Data segment:
<<<<

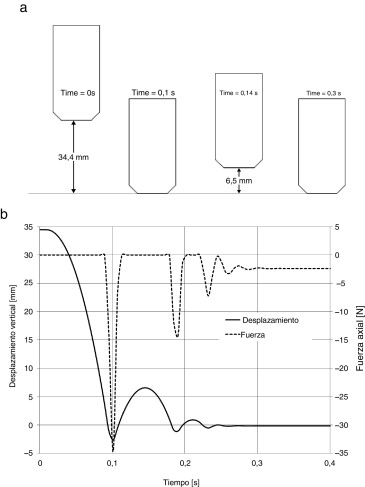 Respuesta típica de un bloque rígido en caída libre: a)representación ...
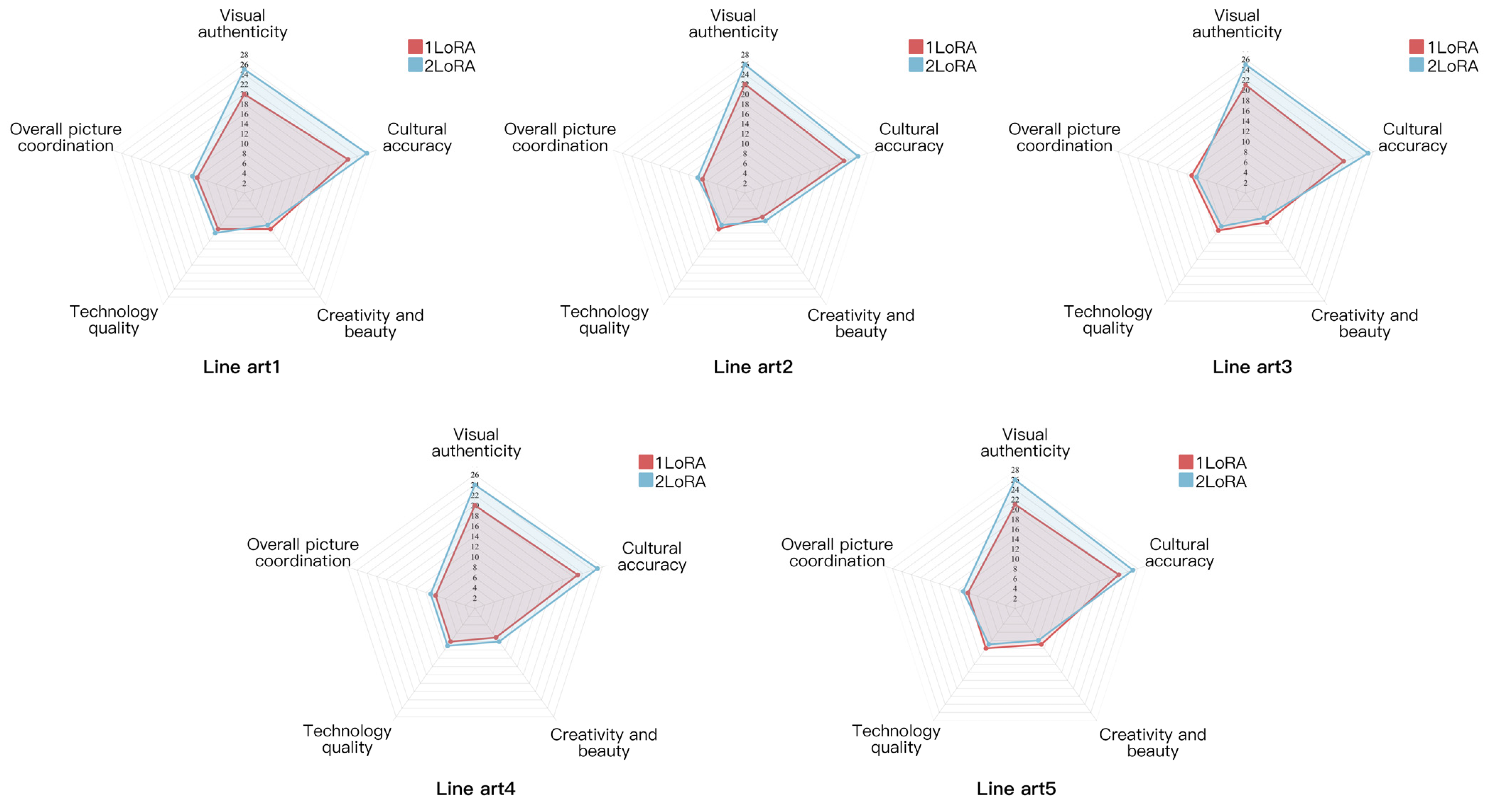 Information 15 00344 g010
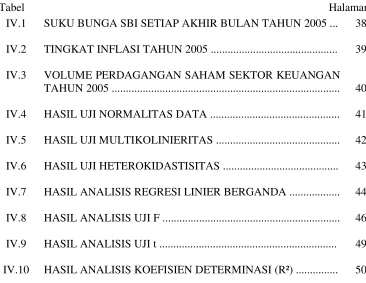 Tabel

>>>>

The problem: Your reply should consist of the data, transcribed exactly, and should hold no pictures.

Result for this task:
 Respuesta típica de un bloque rígido en caída libre: a)representación ...
 Information 15 00344 g010
 Tabel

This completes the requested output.